Não é novidade que as posições sobre política externa separam os dois partidos — e quando foram questionados sobre a NATO e o investimento em Defesa isso voltou a notar-se, com Pedro Nuno a prometer “não desistir da Aliança Atlântica” nem do alinhamento com a UE quanto à invasão da Ucrânia pela Rússia; já Raimundo fez críticas ao investimento em “armamento”, defendendo que se invistam essas verbas em tentativas de negociação que envolvam “todas as partes” para chegar à “paz”.

Ainda assim, Pedro Nuno Santos pareceu ter ouvido mal uma das respostas de Raimundo, o que provocou um mal-entendido que foi, ainda assim, esclarecedor sobre a forma como quis fechar o debate. Enquanto ouvia o secretário-geral do PCP dizer que os comunistas querem que a morte de Alexei Navalny seja investigada e que essa tema é “mais um” em que estão “do lado oposto do governo capitalista russo”, Pedro Nuno precipitou-se e pareceu achar que Raimundo estaria a falar do governo socialista — e apressou-se desde logo a garantir que um desentendimento nesse plano não seria problema.

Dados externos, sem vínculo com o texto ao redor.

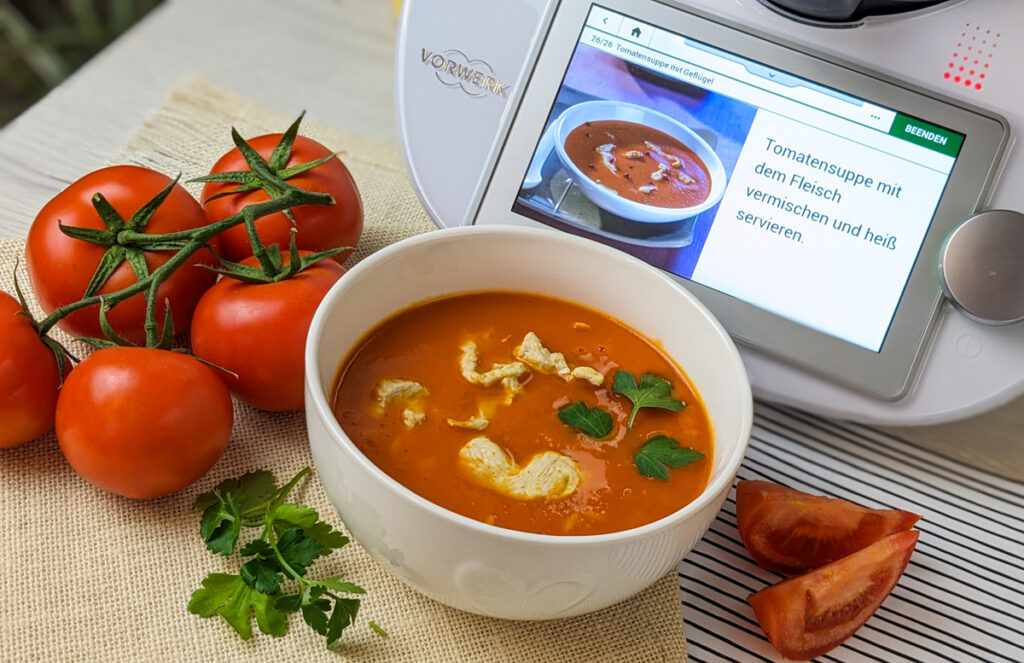 Tomatensuppe mit Hähnchen und Reis im Thermomix®
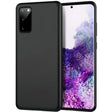 Husă TPU mat neagră pentru Samsung Galaxy S20, vedere frontală, design slim anti-amprentă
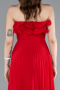 Robe de Soirée Longue Mousseline Rouge ABU4866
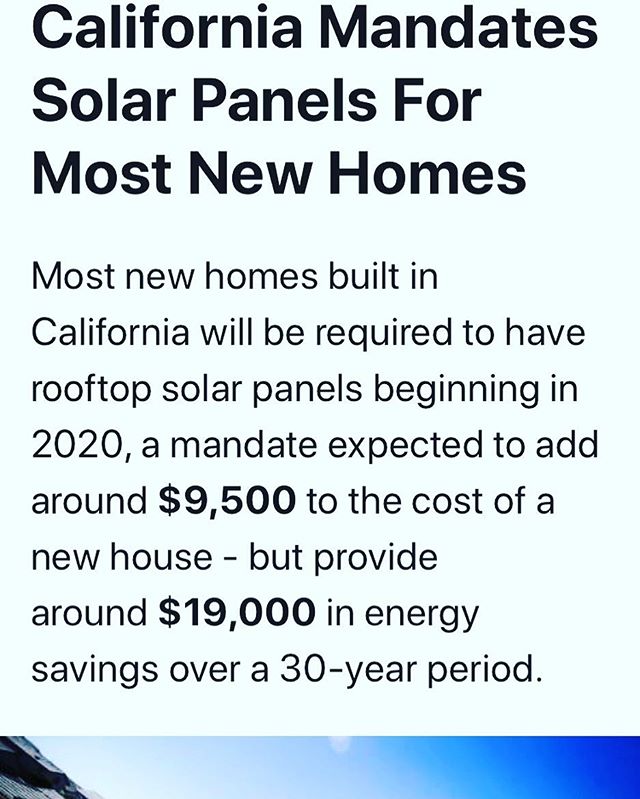 California gets it... ☀️ ✅ 
State officials vote 5-0 to make solar mandatory for new homes starting in 2020!
#cleanergy #solar #california #gogreen #solarpv #solarpower #brightlifesolar #tesla #solaredge #mandate #ourphonesareopen #freequote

“[Essas diferenças] nunca impediram” que os partidos se entendessem, fez questão de rematar. Raimundo já tinha, minutos antes, usado a fórmula que o PCP adotou para responder sobre futuras conversas: “A questão da forma não é fundamental, o conteúdo é que é”. E sobre o conteúdo ficou claro que há muitas divergências, mas também alguma disponibilidade para tentar que estas diminuam.

O diálogo revelador

Paulo Raimundo: Quando fala na nossa proposta dos salários utiliza o mesmo método que utilizou o Rui Rocha.

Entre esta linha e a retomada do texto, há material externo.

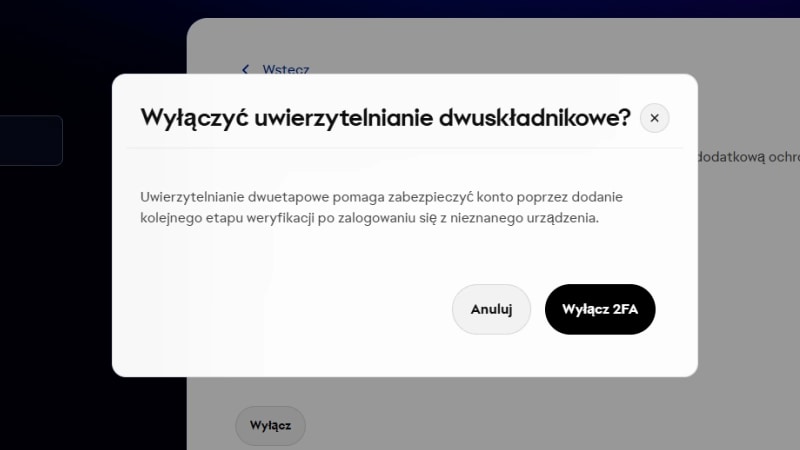 Komunikat potwierdzenia z pytaniem, czy użytkownik chce wyłączyć uwierzytelnianie dwuskładnikowe.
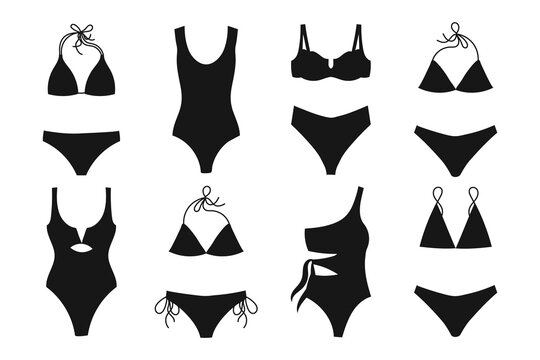 Set of women's swimwear, swimsuits on a white background. Women's clothing icons, black silhouette, vector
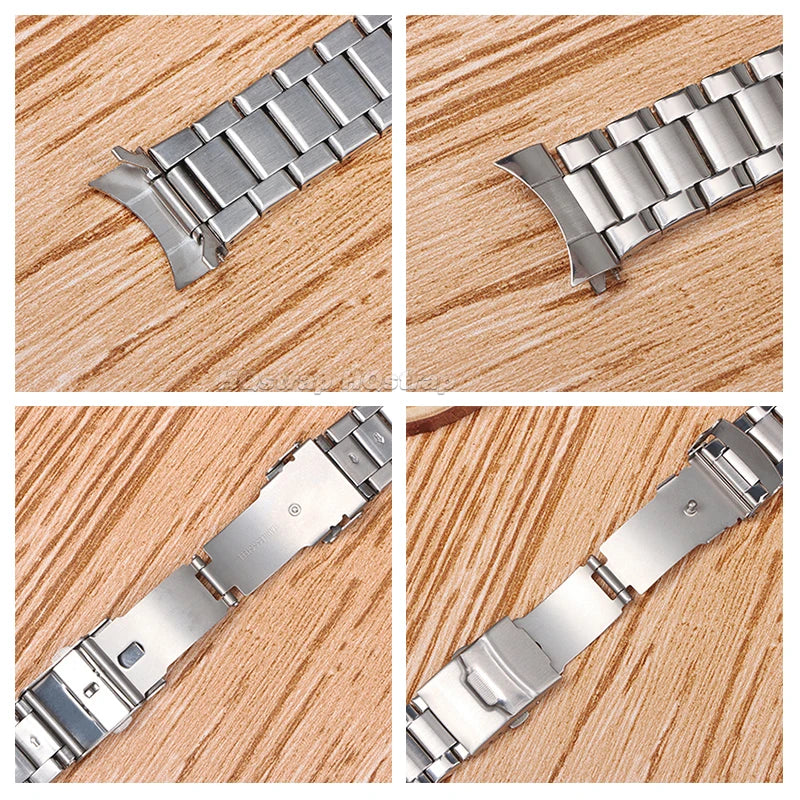 22mm Stainless Steel Strap for Rolex for Seiko Curved End Flat Warch Band Metal Sport Bracelet Universal Replacement Wristband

Pedro Nuno Santos: Isso eu não queria, não era a minha intenção.

Paulo Raimundo: Mas foi, “como se paga? Quanto custa?”

Pedro Nuno Santos: Mas isso é importante.

Paulo Raimundo: É verdade. Quando não temos vontade para as medidas, a primeira questão é quanto custa. Ninguém nos perguntou se havia 20 milhões para o buraco da banca. Ninguém nos perguntou se havia recursos para pegar em 3 mil milhões e entregar às empresas de energia. Agora com esta medida do PCP, que tem esse valor de 3 mil milhões para a Administração Pública, custa entre 14 e 15 milhões de euros. Significa transferir do capital para o trabalho 15 mil milhões de euros.

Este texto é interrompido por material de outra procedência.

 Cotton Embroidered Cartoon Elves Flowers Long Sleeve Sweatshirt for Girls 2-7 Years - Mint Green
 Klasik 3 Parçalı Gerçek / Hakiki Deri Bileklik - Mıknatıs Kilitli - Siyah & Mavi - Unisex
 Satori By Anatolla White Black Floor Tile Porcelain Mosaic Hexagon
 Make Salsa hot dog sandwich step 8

Pedro Nuno Santos: Mas quer decretar o aumento para as empresas do sector privado? De facto aí estamos distantes porque a vossa posição não é equilibrada, é só isso.

Paulo Raimundo: Está a ver porque insistimos no fim da caducidade da contratação coletiva em que o PS teima, teima, teima em não avançar?

Pedro Nuno Santos: Mas houve avanço na agenda do trabalho digno na caducidade.

Paulo Raimundo: Mas vai ter de acompanhar mais cedo ou mais tarde, pela luta dos trabalhadores e pela força que vamos ter do ponto de vista eleitoral.

Pedro Nuno Santos: Porque é que os 3 mil milhões são importantes? Costuma dizer que não deve haver chuva de propostas e não há capacidade financeira ilimitada. Num instantinho, em três propostas — o aumento geral dos salários aumento, o aumento de 7,5% para as pensões e mais 1% do PIB para gastar em habitação — são 7,6 mil milhões de euros. Qual é o problema? É mto importante dar resposta aos problemas, mas temos de dar com a capacidade económica e financeira que o país tem. É muito importante para o PS continuar a reduzir a dívida pública. Não vamos fazer com a intensidade desnecessária mas com a intensidade…

Paulo Raimundo: E esta foi intensa ou não foi?

Pedro Nuno Santos: Eu já disse que teria reduzido a um ritmo menor, mas ela deve continuar a descer e temos regras que queremos continuar a cumprir. Não podemos é fazer uma chuva de promessas que não são pagáveis porque criamos expectativas que não conseguimos cumprir.